TASK BRIEF: Your answer should hold only the line containing "Mercure Centre Porte Des Alpes Hotel 4*" and each line that follows it in the listing, copied exactly.

DATA FOR ANALYSIS:
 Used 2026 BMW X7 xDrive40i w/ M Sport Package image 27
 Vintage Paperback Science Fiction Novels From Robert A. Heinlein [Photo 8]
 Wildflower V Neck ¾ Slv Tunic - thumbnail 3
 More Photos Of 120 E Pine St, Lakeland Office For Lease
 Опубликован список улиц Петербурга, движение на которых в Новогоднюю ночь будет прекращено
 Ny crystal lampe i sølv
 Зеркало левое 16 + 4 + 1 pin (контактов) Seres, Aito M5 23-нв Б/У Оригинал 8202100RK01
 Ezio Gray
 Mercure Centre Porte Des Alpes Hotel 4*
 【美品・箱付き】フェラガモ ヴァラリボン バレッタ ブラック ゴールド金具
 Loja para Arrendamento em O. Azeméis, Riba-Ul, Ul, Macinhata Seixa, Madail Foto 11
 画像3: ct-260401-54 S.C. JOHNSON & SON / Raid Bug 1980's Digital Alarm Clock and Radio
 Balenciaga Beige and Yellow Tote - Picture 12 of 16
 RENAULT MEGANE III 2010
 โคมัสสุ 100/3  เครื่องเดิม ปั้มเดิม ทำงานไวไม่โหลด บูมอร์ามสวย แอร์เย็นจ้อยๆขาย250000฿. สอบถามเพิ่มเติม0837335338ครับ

SOLUTION FOR THIS EXERCISE:
 Mercure Centre Porte Des Alpes Hotel 4*
 【美品・箱付き】フェラガモ ヴァラリボン バレッタ ブラック ゴールド金具
 Loja para Arrendamento em O. Azeméis, Riba-Ul, Ul, Macinhata Seixa, Madail Foto 11
 画像3: ct-260401-54 S.C. JOHNSON & SON / Raid Bug 1980's Digital Alarm Clock and Radio
 Balenciaga Beige and Yellow Tote - Picture 12 of 16
 RENAULT MEGANE III 2010
 โคมัสสุ 100/3  เครื่องเดิม ปั้มเดิม ทำงานไวไม่โหลด บูมอร์ามสวย แอร์เย็นจ้อยๆขาย250000฿. สอบถามเพิ่มเติม0837335338ครับ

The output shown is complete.